- **What you will do**
For this exercise, write out every entry exactly and leave the pictures out.

[Entries taken from a collection]
◇ ◇ ◇ ◇

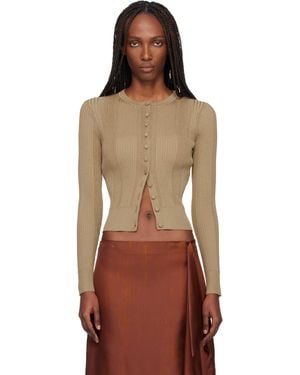 Proenza Schouler Khaki Currin Cardigan - Multicolour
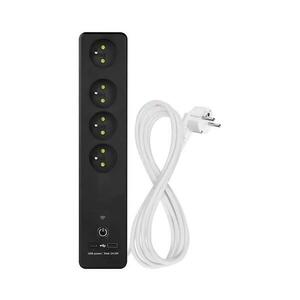 GoSmart 4Z okos hosszabbító kapcsolóval, 1xUSB kép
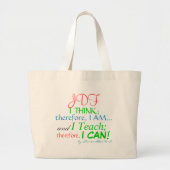 SRF先生引用文トート – あなたのイニシャル! ラージトートバッグ (正面)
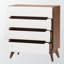 Commode à 4 tiroirs Ferndown en bois de noyer et blanc
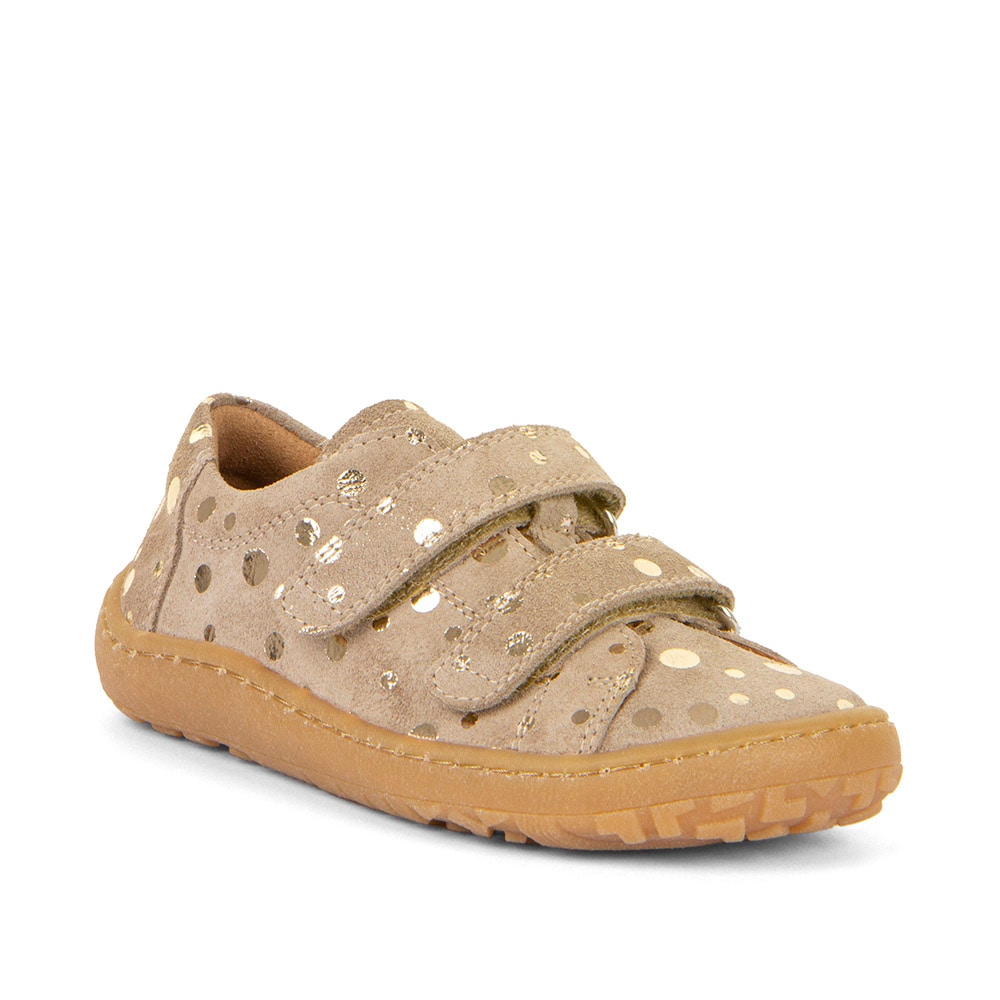 froddo® Klettschuh »Barefoot Base«, Konfirmationsschuh, Barfußschuh mit Metallic-Dots verziert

◇ ◇ ◇ ◇

- **Output for this task**
 Proenza Schouler Khaki Currin Cardigan - Multicolour
 GoSmart 4Z okos hosszabbító kapcsolóval, 1xUSB kép
 SRF先生引用文トート – あなたのイニシャル! ラージトートバッグ (正面)
 Commode à 4 tiroirs Ferndown en bois de noyer et blanc
 froddo® Klettschuh »Barefoot Base«, Konfirmationsschuh, Barfußschuh mit Metallic-Dots verziert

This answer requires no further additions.